Would you give the listing again exactly as written, minus its pictures?

+++ Source material +++

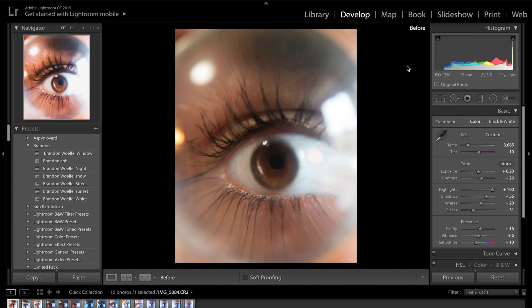Hey guys, today we're going to be doing something slightly different. Usually we do colour grades of portraits and landscapes. Today we're going to be trying something to do with macro photography.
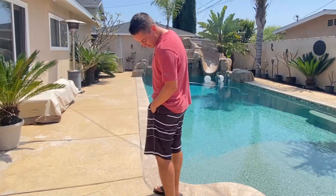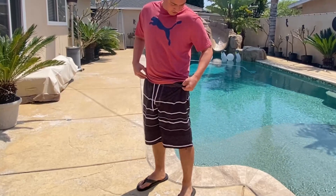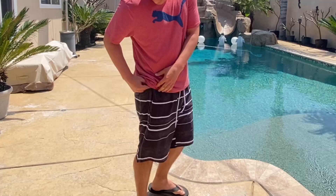Check out these Arc web swim trunks. They come in many different colors and are very fashionable and very comfortable. They have a stretchy waistband so they fit anybody, and a drawstring so you can tie it up and make it tighter. They also have pockets with a zipper so you can close them up, which is very nice.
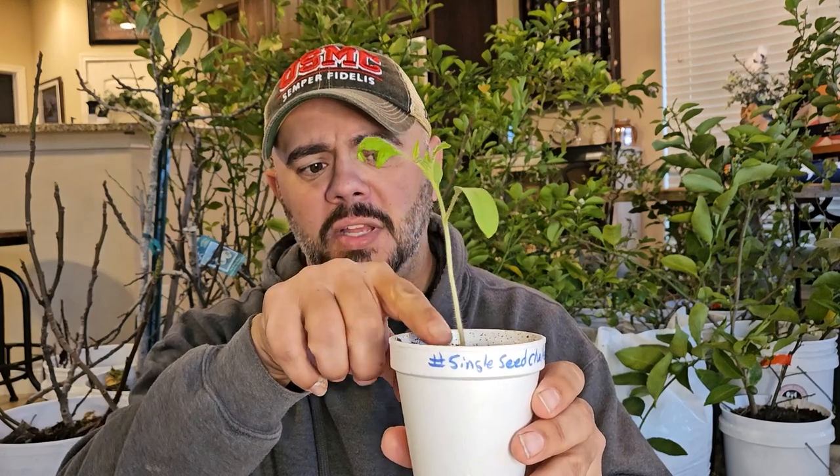We are going to up pot from this little tiny styrofoam cup to this one. Now you might be saying, well that's not really that big of a difference — well it really is, honestly. What we're going to do is bury this entire plant all the way up to right here in this cup.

+++

→ Task output
Hey guys, today we're going to be doing something slightly different. Usually we do colour grades of portraits and landscapes. Today we're going to be trying something to do with macro photography.
Check out these Arc web swim trunks. They come in many different colors and are very fashionable and very comfortable. They have a stretchy waistband so they fit anybody, and a drawstring so you can tie it up and make it tighter. They also have pockets with a zipper so you can close them up, which is very nice.
We are going to up pot from this little tiny styrofoam cup to this one. Now you might be saying, well that's not really that big of a difference — well it really is, honestly. What we're going to do is bury this entire plant all the way up to right here in this cup.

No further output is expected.